La primera medida se tomará en diciembre y será el cierre financiero anticipado del ejercicio 2010, para evitar que se efectúen pagos sobre las partidas de este año que, en la mayoría de las jurisdicciones, se encuentran subejecutadas.
Con esta medida, ya efectuada en otras ocasiones durante los 90, se podrá engrosar los saldos contables de las partidas, al momento del cierre del ejercicio, de manera de contar con mayores recursos -contables, no financieros-, a la hora de conformar los saldos iniciales de 2011. Al comando de esta tarea está el secretario de Hacienda, Juan Carlos Pezzoa, que usará como antecedente la batería de decretos dictados en la gestión de Domingo Cavallo en el Palacio de Hacienda.

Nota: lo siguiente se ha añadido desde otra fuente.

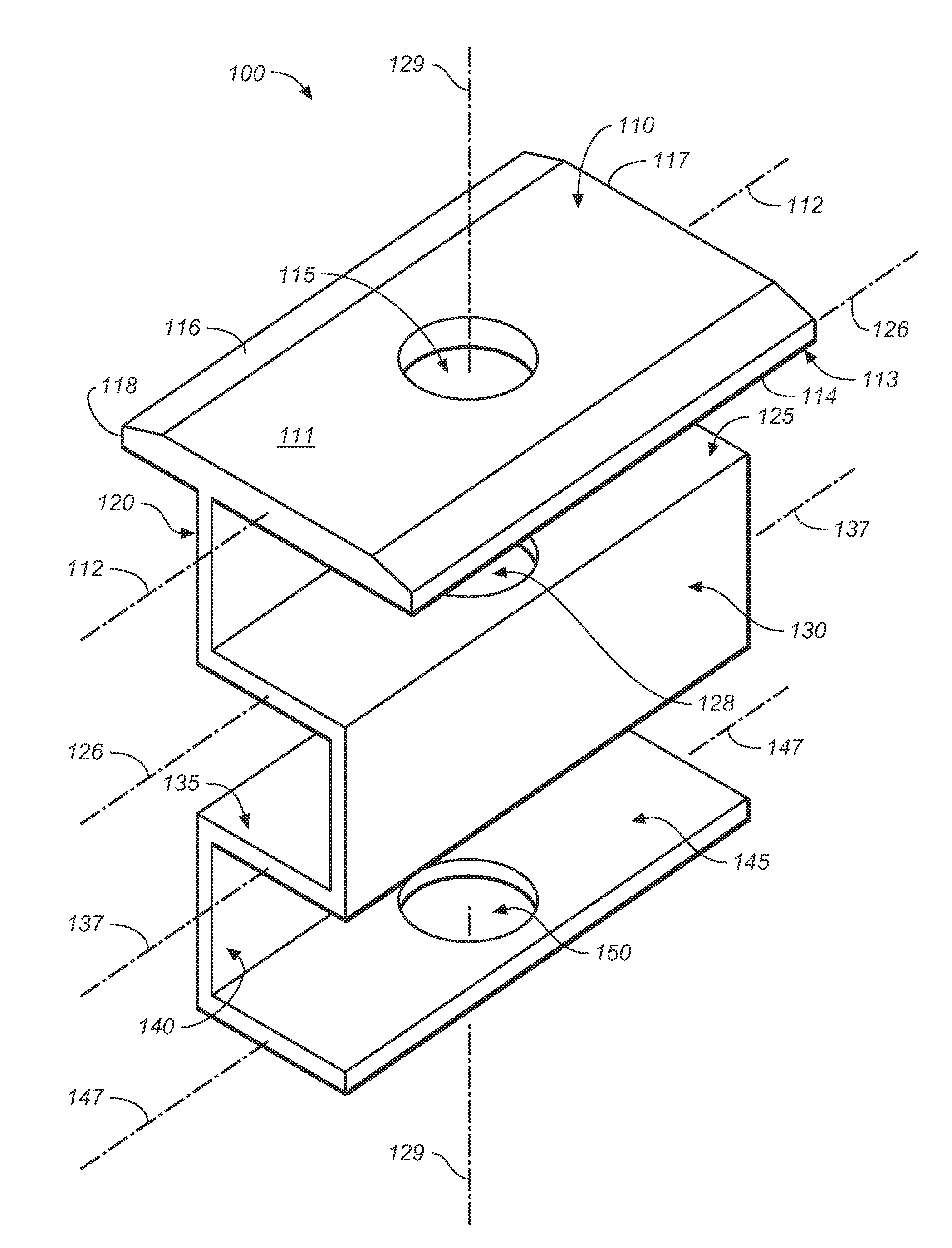 Flexible clamp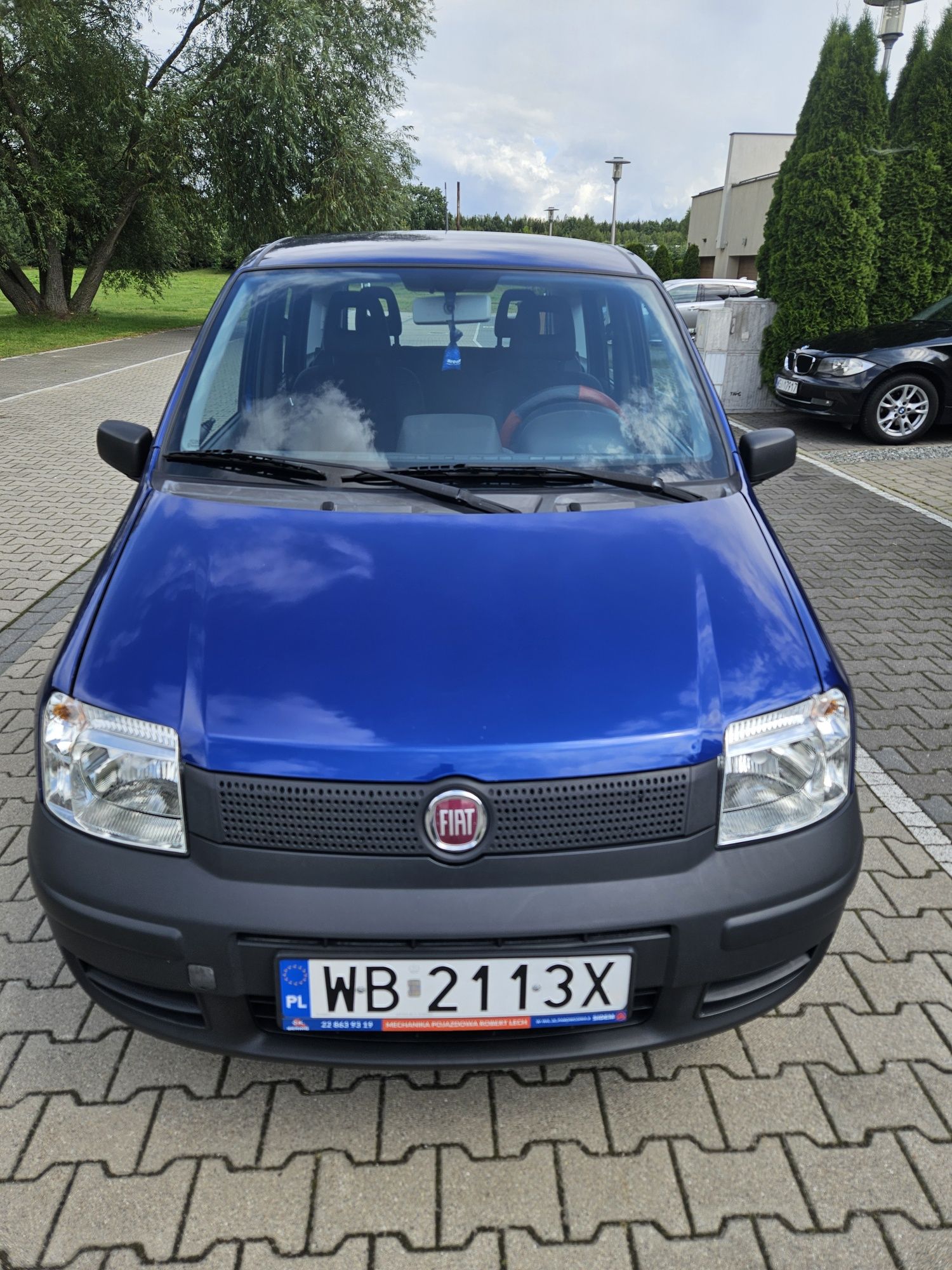 Fiat Panda 1.1b  2009r  112000 tys km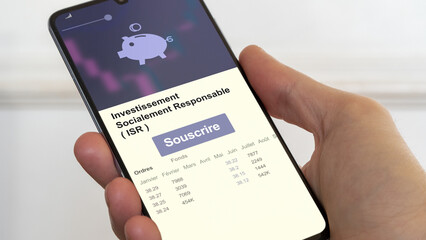  ISR Investissement, souscrire à un fonds, demander à bénéficier d'un dispositif de réduction l'impôt.  Défiscalisation ISR Investissement socialement responsable isr.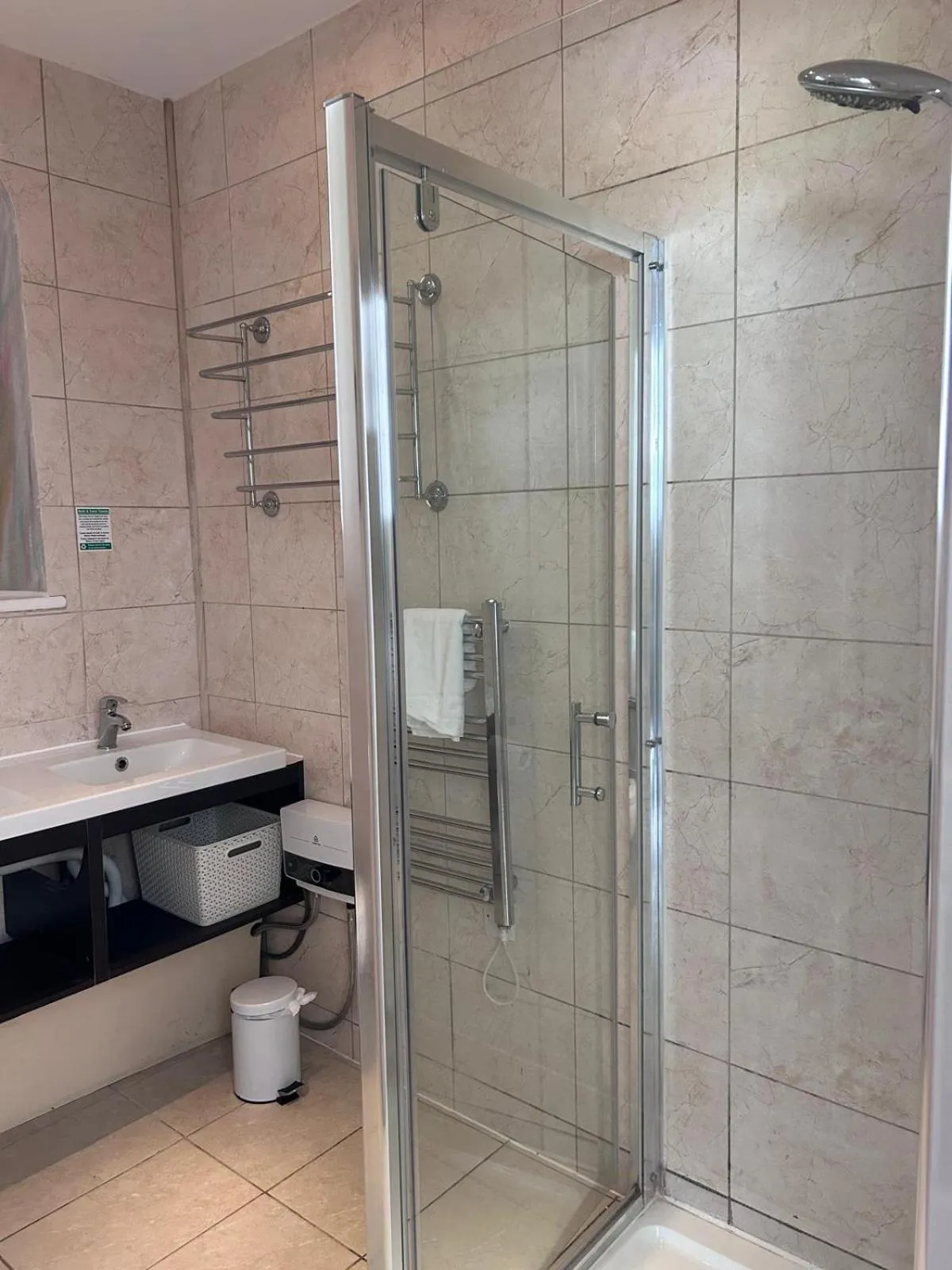 Bathroom in The Lodge on the Loch by OYO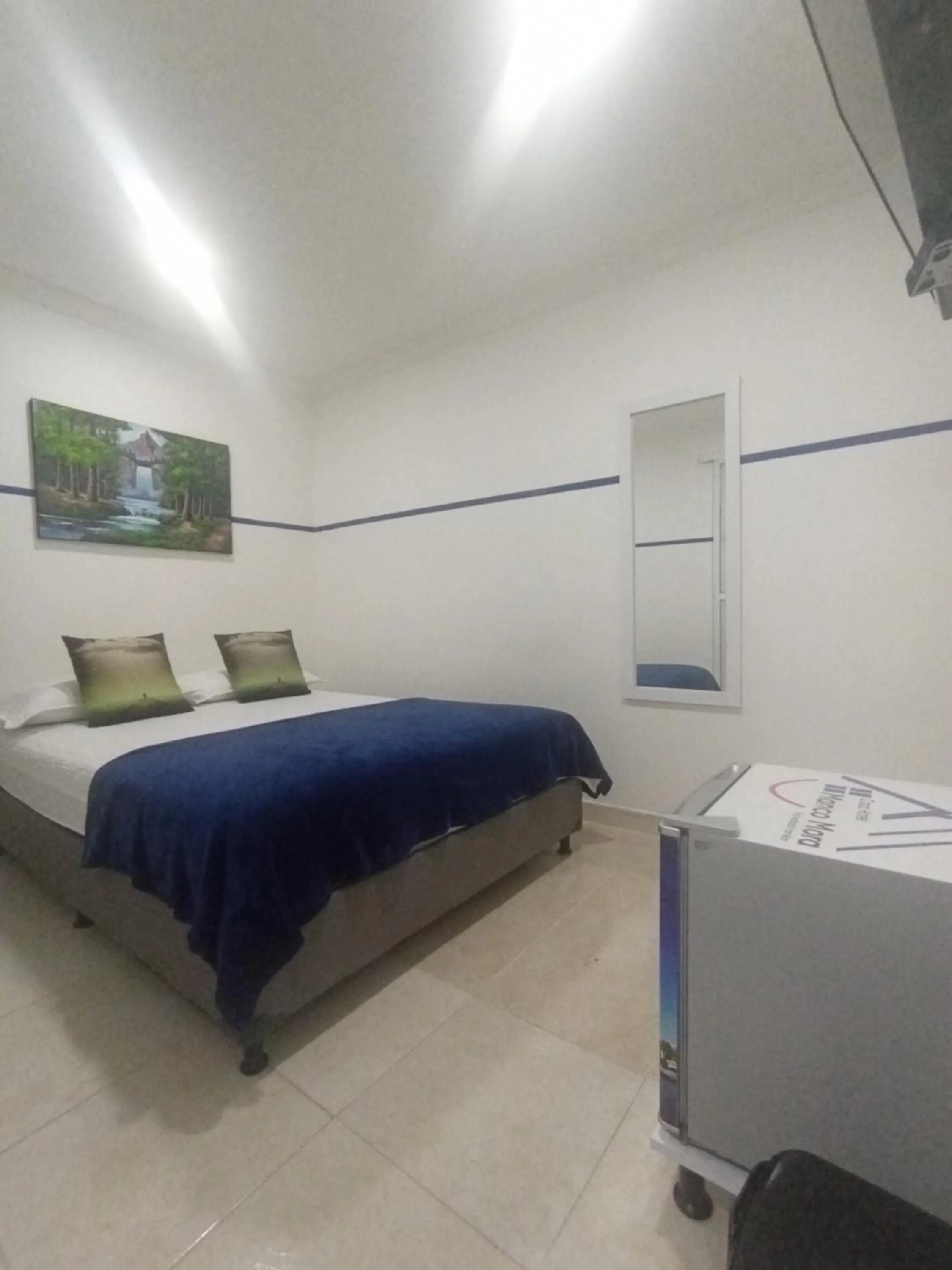 Bedroom, Bed in Casa Hotel Manco Mora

La ley de Administración Financiera estipula que si no se aprueba el presupuesto el Ejecutivo dispondrá de la prórroga, la de los créditos presupuestarios vigentes al 31 de diciembre de 2010. Es decir, no la ley de Presupuesto original sino con todas las modificaciones introducidas. En lo que va del año hubo ampliaciones y modificaciones de partidas por $ 18.500 millones, por medio de dos decretos de necesidad y urgencia y 70 decisiones administrativas, y los especialistas esperan otro gran DNU antes de fin de año, que ponga los refuerzos sobre las partidas de 2010 que serán los saldos iniciales de 2011. Esto sumado a los superpoderes y a la ley de Emergencia Económica le dan al Ejecutivo una amplia discrecionalidad en el manejo de los recursos, el año próximo, cuando se definan las instancias electorales.
Estas medidas obligan a extremar los cuidados ya que pueden activar un peligroso detonador del gasto público como son los residuos pasivos, un mecanismo que permite trasladar al ejercicio venidero todos los compromisos asumidos por las jurisdicciones, pero aun no ejecutados. Ahora, ante la falta de presupuesto y con superpoderes, está asegurado el festival de gasto de cara a las elecciones de 2011. Si con un ritmo de aumento del gasto al 40% mensual la inflación trepó a casi el 30%, en 2011, la inflación entrará en un mundo imaginario. Del otro lado, los analistas se preguntan cómo se va a financiar esto y todas las miradas confluyen hacia el Banco Central.
El Gobierno le obliga al BCRA a mantener el tipo de cambio al borde de los $ 4, para lo cual, la entidad debe aumentar la emisión de pesos, para comprar la avalancha de dólares que ingresan al país y debe aumentar la emisión de Lebac y Nobac para absorber parcialmente esos pesos, aumentando peligrosamente sus pasivos. Cae el activo y sube el pasivo, con lo cual el gobierno hace tambalear el patrimonio neto de la entidad. Otro tanto, ocurre con la pretensión de saldar la deuda con el Club de París. Luego del cadenazo oficial, el Gobierno sólo expresó su voluntad de cancelar la deuda y de sentarse a negociar con ese nucleamiento.
De todos modos, la administración Kirchner cuenta con el decreto 1.394/2008, todavía vigente, por medio del cual el Poder Ejecutivo Nacional ordenó afectar las reservas del BCRA para el pago de la deuda con el Club de París, afectando aún más la solidez de la autoridad monetaria. Sólo falta apretar el detonador.